Porter les chapeaux d’architecte et d’entrepreneur général a ses avantages, mais présente aussi son lot de défis. Voici quelques balises pour mieux se diriger sur ce sentier peu fréquenté.
Concerné par l’ensemble des tâches que comportent la conception et la construction d’un projet, l’architecte-entrepreneur exerce un contrôle direct sur la qualité des travaux. Ce double rôle est un argument de vente convaincant auprès d’un client qui veut s’assurer de la réalisation soignée de son ouvrage.
L’essentiel contrat
Dans cette situation, la transparence est de mise ! Faites preuve de vigilance lors de l’élaboration du contrat avec le client pour lequel vous comptez aussi agir à titre d’entrepreneur, car vous serez automatiquement en situation de conflit d’intérêts. Il est obligatoire de divulguer ce conflit d’intérêts et d’obtenir l’approbation écrite du client afin de pouvoir agir sur les deux fronts (art. 38, Code de déontologie), et ce, dès le début du projet.

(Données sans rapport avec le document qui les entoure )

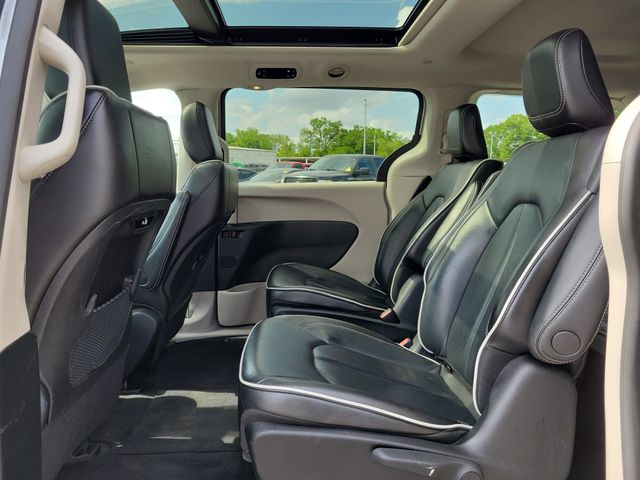 Used 2023 Chrysler Pacifica - photo 11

Assurez-vous que le contrat décrit clairement votre mandat et vos rôles. Évitez par ailleurs les clauses visant à vous délester de certaines de vos responsabilités professionnelles. Vos obligations demeurent malgré le double rôle que vous assumez (art.17, Code de déontologie).

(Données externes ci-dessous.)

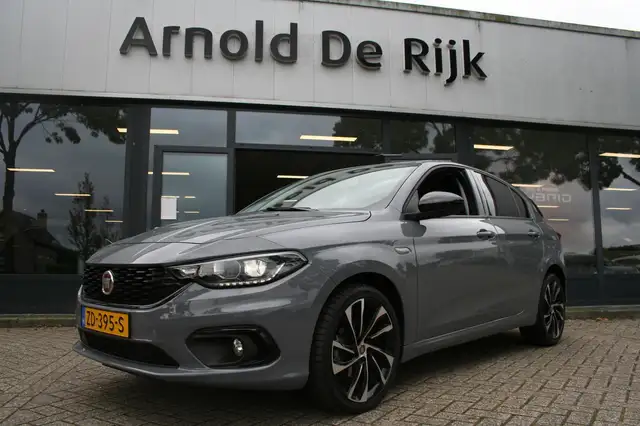 Fiat Tipo 1.4 T-Jet 16v S-Design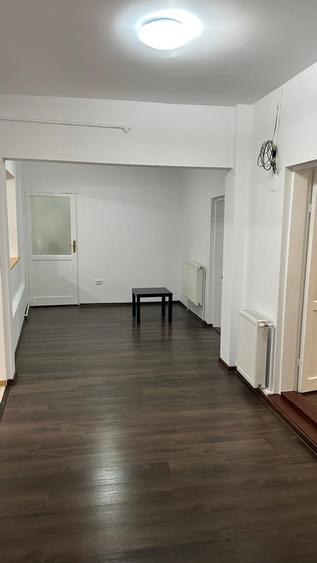 Casă cu 3 camere cu Teren 148 Mp în Fundeni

Puisque les contrats entre un client et un architecte-entrepreneur ne sont pas monnaie courante, il est préférable de consulter un conseiller juridique pour l’élaboration de ce type d’ententes. C’est ce document qui établira les règles du jeu; il serait dommage de partir du mauvais pied !
Une structure administrative particulière
Afin d’éviter tout malentendu, exposez clairement à votre client la structure administrative des différentes entités qui prendront part au projet. Assurez-vous que les sociétés qui se chargeront de la conception et de la construction sont conformes à la réglementation et qu’elles sont dûment immatriculées au Québec (Règlement sur l’exercice de la profession d’architecte en société).

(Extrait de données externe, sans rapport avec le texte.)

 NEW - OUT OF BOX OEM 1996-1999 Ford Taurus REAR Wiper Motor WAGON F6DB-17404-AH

Ensuite, veillez à organiser le champ d’action de chacune des sociétés de façon que le contrat respecte les règles concernant les ententes de services professionnels d’architecture (art. 12 et 40, Code de déontologie). Dans le doute, communiquez avec l’Ordre pour vous assurer que votre structure administrative est adéquate.
Gare aux documents incomplets !
Un architecte qui agit en tant qu’entrepreneur général pour un projet qu’il a conçu peut être tenté de prendre des raccourcis dans les plans et devis puisqu’il sera présent sur le chantier. Lors de l’inspection professionnelle, nous avons constaté que plusieurs architectes-entrepreneurs réduisent la quantité ou la qualité des détails de construction dans les plans. Tout architecte est soumis à l’obligation de fournir des plans complets pour les fins auxquelles ils sont préparés (art. 29, Code de déontologie). Pour obtenir plus d’information à ce sujet, voir l’article « Documents incomplets : Gare aux poursuites! », paru dans Esquisses au printemps 2019.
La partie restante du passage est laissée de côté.